Richard Corbett, Voi’s regional general manager UK, Ireland and Benelux, speaks to Zag about how the Swedish-based company has built up a 60% market share in the UK, when it expects to make a profit and the next steps for future growth.
Zag: Why has Voi won so many contracts with towns and cities in the UK compared with other operators?
Richard Corbett: All I can say is how we have approached the process. Everything we do is based on the fundamental premise of zero tolerance towards accidents. That’s very important to cities.
We also take what we call a hyperlocal approach. There are certain operators that create a very scalable one size fits all approach to micromobility. That’s not what we do.

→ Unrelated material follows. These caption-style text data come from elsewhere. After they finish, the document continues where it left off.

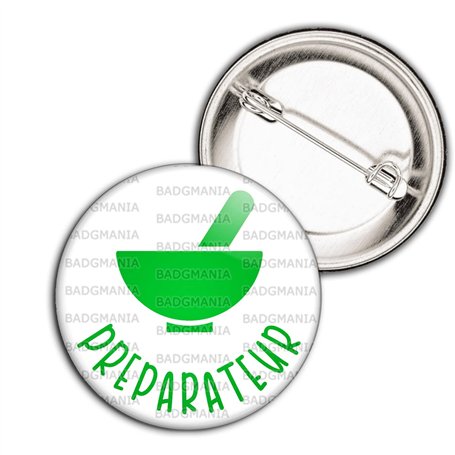 Badgmania Badge Broche 3.8cm Identifiant Pharmacie | Préparateur en Pharmacie | Mortier Vert Fond Blanc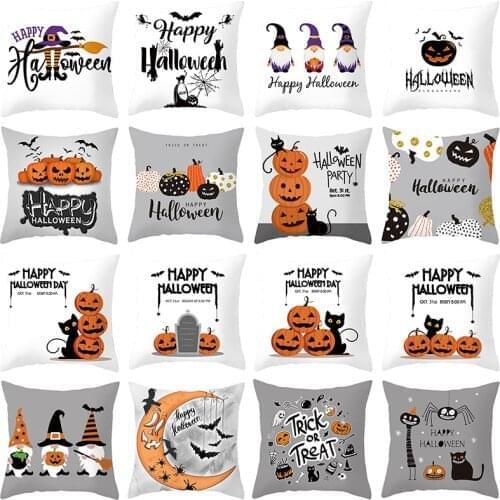 Halloween Pillow Cover Pumpkin Cushion Cover Creative Decorative Sofa Pillowcase Home Car Pillowcase Print Party DIY Decoration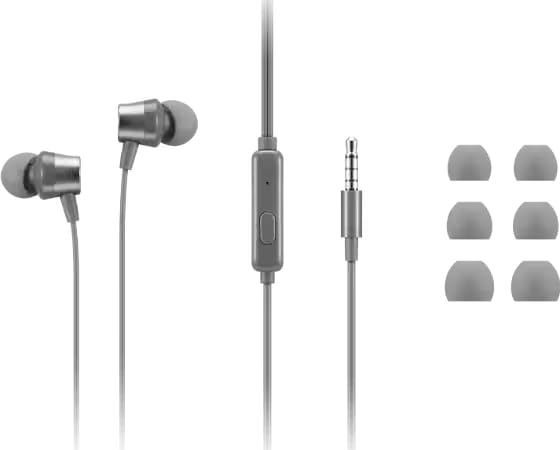 Image of Lenovo 110 Analog in-Ear Wired Earphone with 3.5 mm Audio Jack, Noise Isolation, Built-in Mic & Inline Controls, Comfortable Fit, Grey - Universal Compatible Earbuds for Music & Calls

The service design and how we approach running a mobility service in a city is built from scratch for each market. Each town or city is different, from the public transport infrastructure, to the demographics and topography. All these factors will have an impact on the deployment, speed limits, operating hours and how e-scooters coexist with other forms of transport.
The Swedes also love the UK. Leading the UK market was something every single person in our 500 team at HQ wanted to achieve. That helped to create great tender responses but it’s helped since then to deliver our service. We have built a team of 65 in London and 200 across the UK in the space of nine months.
Zag: All operators will say they are obsessed with safety, so what makes Voi different?
RC: You could argue it’s very much a homogenised market. Everyone is claiming to do the same thing. I think cities are able to differentiate between those who are saying it for the sake of saying it and those who are genuinely walking the walk and following through with investment and results. Providing evidence is super important to any winning bid. You can’t just make the claim you’re obsessed with safety. Tell me why and how? That is fundamentally the difference (see more below).
Zag: Coventry stopped its trial with Voi five days after launch due to pavement riding. What did you learn from that experience that has helped improve the way you launch other services?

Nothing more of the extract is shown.